On utilisera les deux derniers cours de Foucault au Collège de France et notamment la deuxième partie du cours « Le Courage de la vérité » (1984), où la question de la « vie militante » est problèmatisée (à partir de la page 163).

Le programme est encore en chantier. Il y aurait trois séances sur cette thématique de la « vie militante » (deux à partir des cours de Foucault qui traitent de la question, une séance à partir de Guattari sur le même problème).

Les autres séances proposées :

-  Sur l’évaluation, de l’évaluation des choses, des fonctions à l’évaluation des hommes et de leur subjectivité, avec Bertrand Ogilvie.

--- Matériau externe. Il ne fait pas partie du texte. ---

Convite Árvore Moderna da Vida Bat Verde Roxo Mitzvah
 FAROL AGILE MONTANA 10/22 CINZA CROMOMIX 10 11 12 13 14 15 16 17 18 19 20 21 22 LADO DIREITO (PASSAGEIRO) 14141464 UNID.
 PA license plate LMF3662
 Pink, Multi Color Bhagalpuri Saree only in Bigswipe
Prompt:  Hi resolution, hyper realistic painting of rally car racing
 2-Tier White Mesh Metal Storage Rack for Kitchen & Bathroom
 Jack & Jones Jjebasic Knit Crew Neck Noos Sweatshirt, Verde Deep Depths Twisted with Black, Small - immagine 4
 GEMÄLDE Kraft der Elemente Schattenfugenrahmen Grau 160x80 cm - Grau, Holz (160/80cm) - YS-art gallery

-  RSA /Nouveau modèle d’indemnisation du chômage des salariés à l’emploi discontinu ; mouvements sociaux et traduction étatique.

-  ...


Les séances auront lieu en principe le 3e jeudi de chaque mois à 18h30 à la coordination des intermittents et précaires, 14 quai de charente, Paris 19e, M° Corentin Cariou, Ligne 7, et sont suivies du partage d’une soupe ou d’autres victuailles.